Como a arquitetura do smart grid permitirá transmissão a partir de múltiplos pontos, isso vai abrir caminho para que qualquer pessoa instale microgeradores eólicos no alto dos prédios ou placas de energia solar. Se uma casa ficar fechada nas férias, por exemplo, dará para vender um mês inteiro de energia para a concessionária. Isso já é feito na Alemanha. Pode ser adotada também uma fonte de energia inusitada: os carros elétricos. Quando estiverem parados, eles poderão ser conectados para fornecer eletricidade à rede inteligente.

Se todo mundo ganhar dinheiro fornecendo eletricidade e o smart grid permitir que haja maior controle dos gastos, as concessionárias não tendem a lucrar menos? "As empresas também vão se beneficiar", diz David Shpigler, presidente da consultoria americana The Shpigler Group. "Estou certo de que o smart grid vai acontecer ao redor do mundo. Mas não será do dia para a noite. Levará ainda de dez a 20 anos para se desenvolver tudo."

Nos Estados Unidos, pode ser que não demore tanto assim. O segredo está em um pacote de estímulo econômico aprovado no início do ano pelo presidente Barack Obama. Um dos principais objetivos está em reduzir o consumo e, consequentemente, as emissões de carbono. Parte do dinheiro — nada menos do que 4,3 bilhões de dólares — vai financiar projetos capazes de modernizar a rede elétrica.

No Brasil, a discussão ainda está começando. A Aneel regulamentou o PLC e marcou para este mês uma audiência pública para discutir as características da nova medição. "O terceiro passo será criar a rede inteligente, que será adotada de acordo com a necessidade de cada concessionária", diz Paulo Henrique Silvestre Lopes, superintendente de regulação do serviço de distribuição da agência. "Os benefícios superam os custos, mas, em um primeiro momento, podem causar um impacto para o consumidor."


Mil e uma tarifas

Uma das vantagens do smart grid será a variação do preço da energia ao longo do dia. Nos horários em que houver excesso de demanda, o custo será maior. Na situação inversa, o valor terá de cair.

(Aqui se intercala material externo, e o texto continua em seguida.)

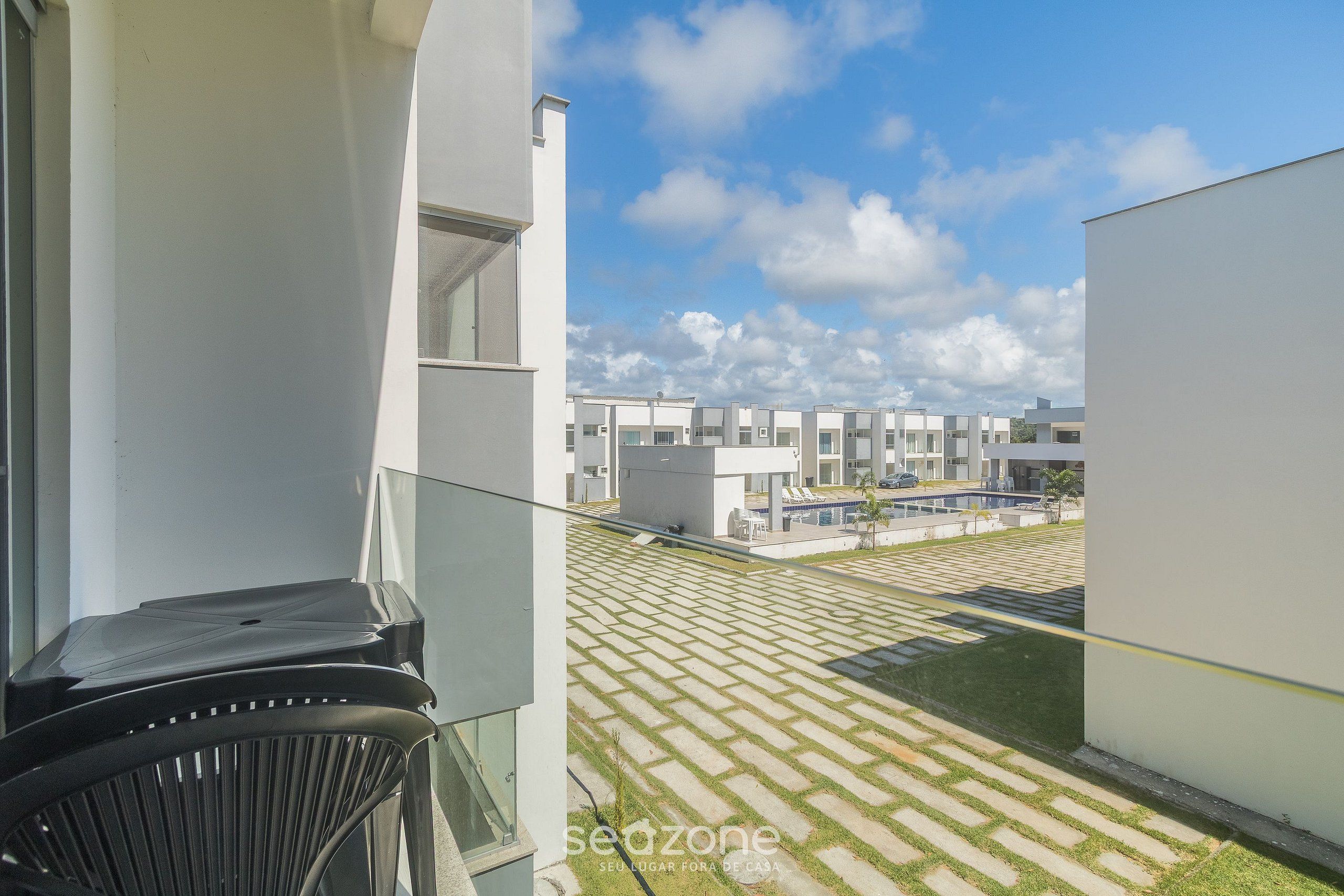 A modern building with a balcony overlooking a courtyard with patterned paving and a pool.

Outra possibilidade é a adoção de um sistema de tarifação prépaga, como já ocorre com os celulares. "A Aneel está começando um estudo nesse sentido", diz Lopes.

Tudo isso depende de mudanças nas leis, que podem demorar uns bons anos no Congresso. Mesmo que o processo emperre, pelo menos o seu medidor deve ficar inteligente em breve. A Aneel tem um plano para estimular a troca dos aparelhos em todo o país dentro de dez anos. A medida permitirá eliminar quase totalmente os desvios e "gatos" que existem na rede, o que será suficiente para fazer o valor cobrado pela eletricidade cair. Pelo menos em tese.


O preço da mudança

- 62 MILHÕES de medidores precisam ser trocados por modelos inteligentes no Brasil;

- 230 REAIS é o gasto médio para instalar cada um dos novos aparelhos;

fonte: ANEEL


Espiões de energia

A modernização da rede elétrica também é necessária para garantir a segurança. Quer um exemplo? Espiões da Rússia e da China já invadiram o sistema de energia dos Estados Unidos e instalaram programas com o objetivo de causar uma pane no futuro. Com o smart grid, o plano dificilmente daria certo.

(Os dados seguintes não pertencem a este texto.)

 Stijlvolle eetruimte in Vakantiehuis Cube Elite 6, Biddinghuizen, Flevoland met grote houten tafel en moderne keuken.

Bem-vindo a Smart Grid City

A cidade americana de Boulder, no Colorado, vai virar um show room. Liderado pela Xcel Energy, um grupo de empresas pretende transformar o local em vitrine de iniciativas ligadas ao smart grid. A adesão ao novo sistema será voluntária. Por enquanto, apenas a casa do reitor da Universidade do Colorado em Boulder usa sistemas inteligentes de eletricidade. Lá, a redução no gasto de energia foi de 30%.